I had no idea what this meant or why everyone nodded and furiously wrote notes-to-self on their sheets of paper. Who knew people took this so seriously? Then my son signed up for club lacrosse and my youngest for Girls on the Run, and the pieces of my athletically puzzled brain snapped into place. My life is slowly being cannibalized by all manner of team sports. I asked my husband why all of this is such a big deal, and he said once most kids reach high school, they’ve reached the pinnacle of their performance. This is it, it’s the last time they’ll play, the last time they’ll be a part of a team in this way.
I flashed back to the dads at the softball meeting, with their round bellies and thinning hair. I heard the excitement in their voices, their rising chatter surrounding the potential of their girls and The Team. A few moms joined in too, but most of them slunk low in their chairs, knowing the start of another season meant fitting one more thing in their overtaxed schedule.
I think back to that afternoon and I wonder when these moms and dads felt like they reached the pinnacle. Was it during their final season, when life unfolded like an open field waiting for them to run? Was it the decade before their bodies turned soft, their mother hips widening to allow the world to pass through? Maybe they reached it when they hung up their hard-earned diploma or when they walked up the aisle to say “I do” before realizing years later, they actually don’t.
I remember my husband’s words and I think about myself too. I don’t think I’ve reached my pinnacle yet. That’s not completely true. After trying on swimsuits this week, I can say my body certainly has seen greater heights, but as to reaching my potential as a human being? I can’t envision that peak. I know it hides there, shrouded behind the clouds.
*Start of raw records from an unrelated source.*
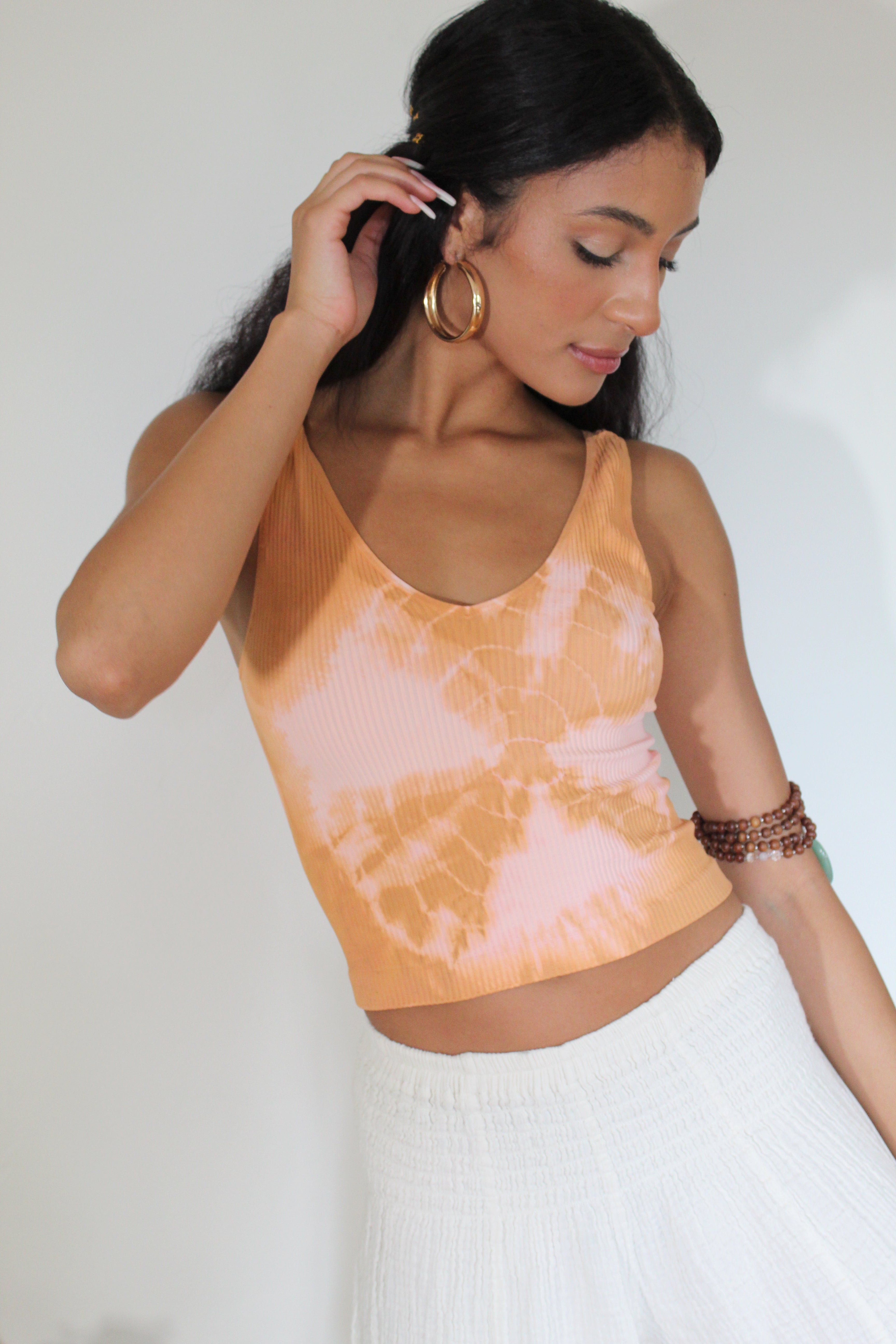 Rust Chakra Tie Dye Crop Top - Yoga Clothing by Daughters of Culture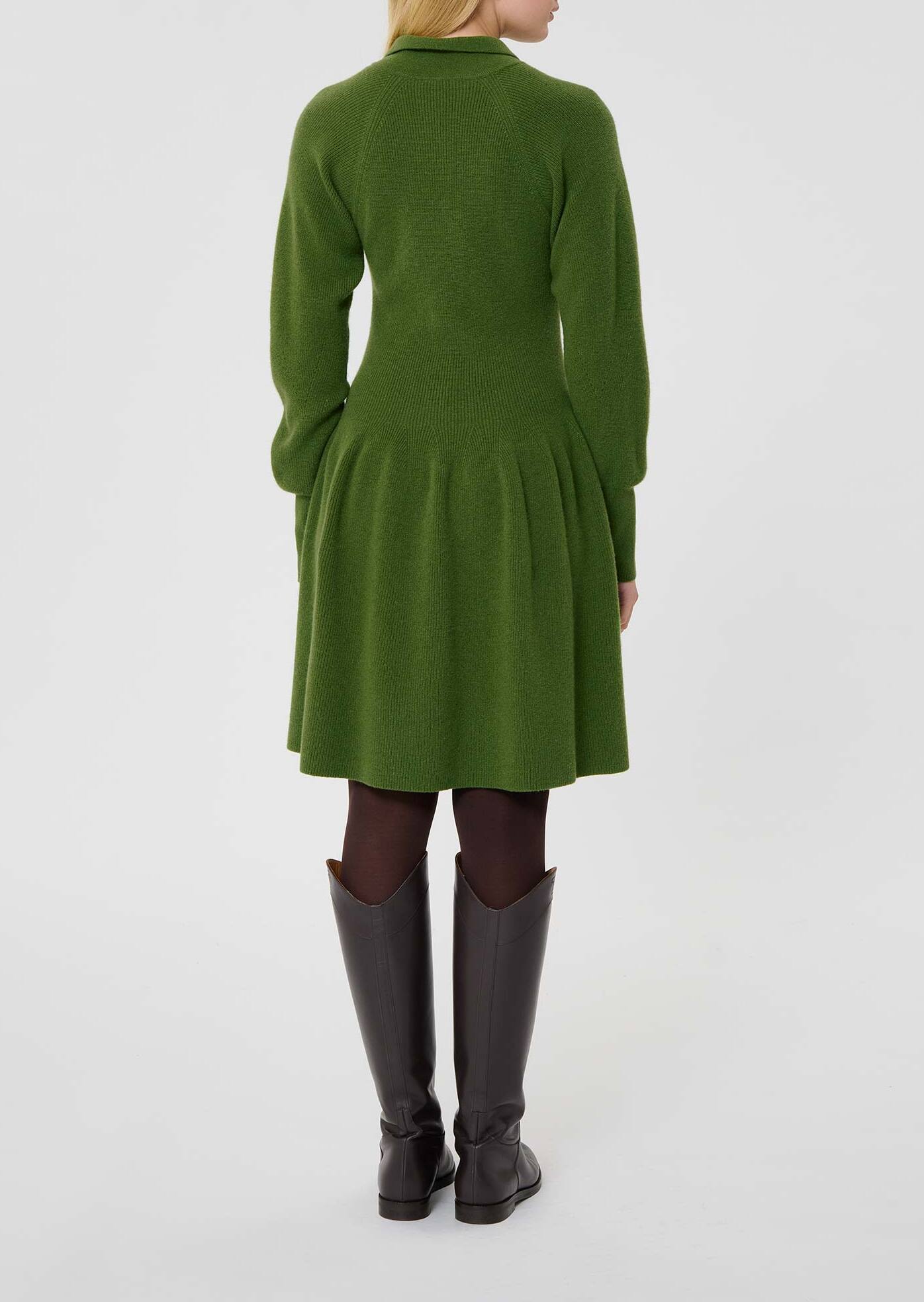 Robe verte en maille Rosemarie Faume - seconde main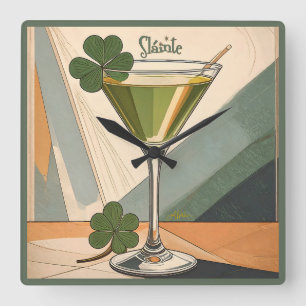 Mid Century Modern konst Shamrock Martini Skål! Fyrkantig Klocka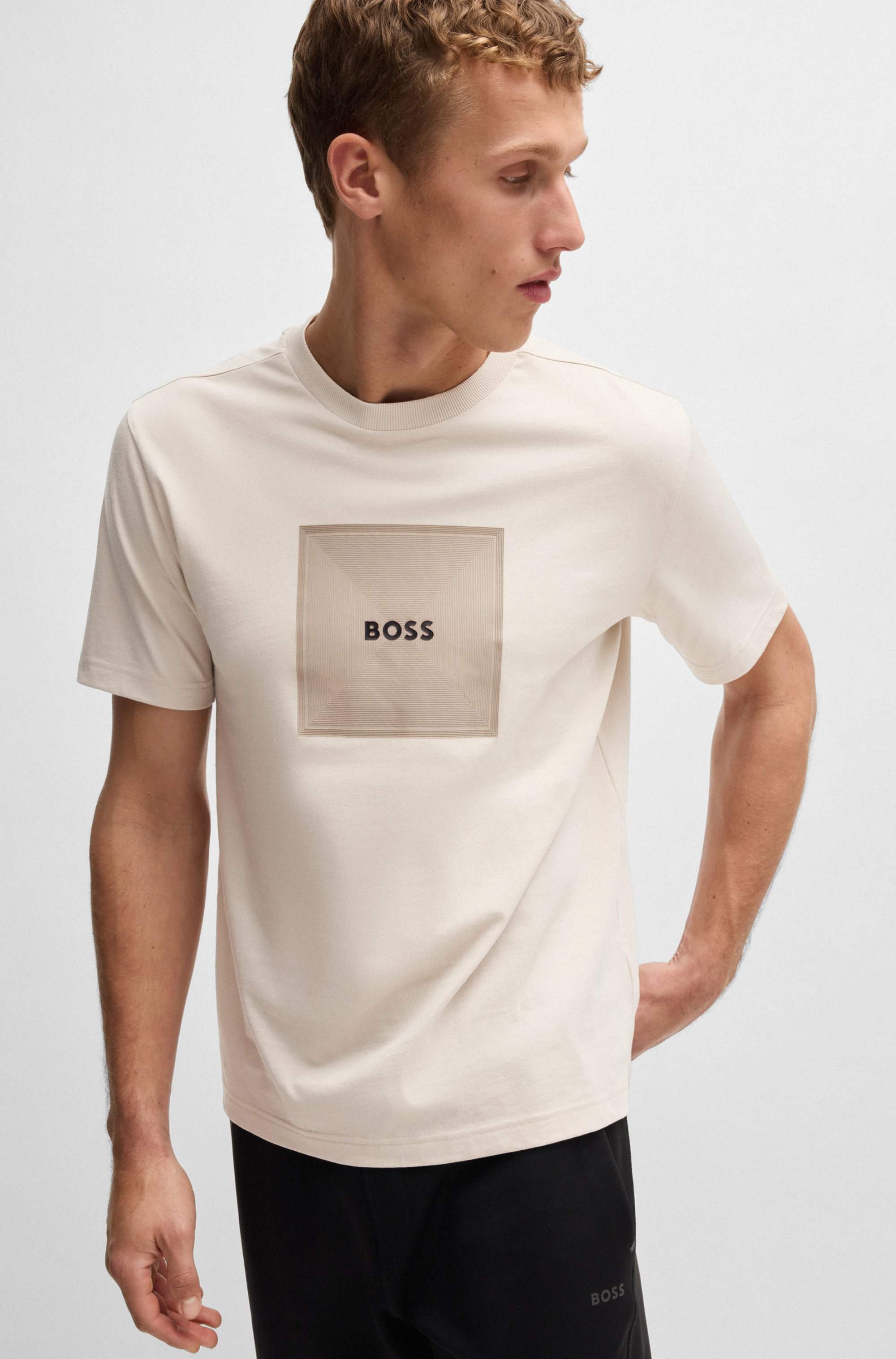 Cotton-jersey T-shirt with fineline logo artwork
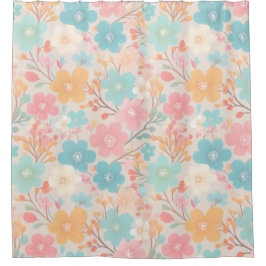 Blumenmuster der Pastelfeder 03 Duschvorhang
I strive for this unknown height, gaining strength from other summits I’ve reached along the way–the marriage, the mothering, the world-wandering, and the marathons.
This much is true for me and probably for you too: my life is cannibalized by ball schedules. By dishes. By laundry and gravity and the bittersweet aftertaste of the mundane. These ordinary things are part of the path leading to the next summit. The stuff of my everyday become the mile markers I count along the way. They keep my feet planted in this good and dirty earth, when my head wants to live in the clouds.
Do you feel like you’ve reached the pinnacle? What are you still working towards? What is your latest summit?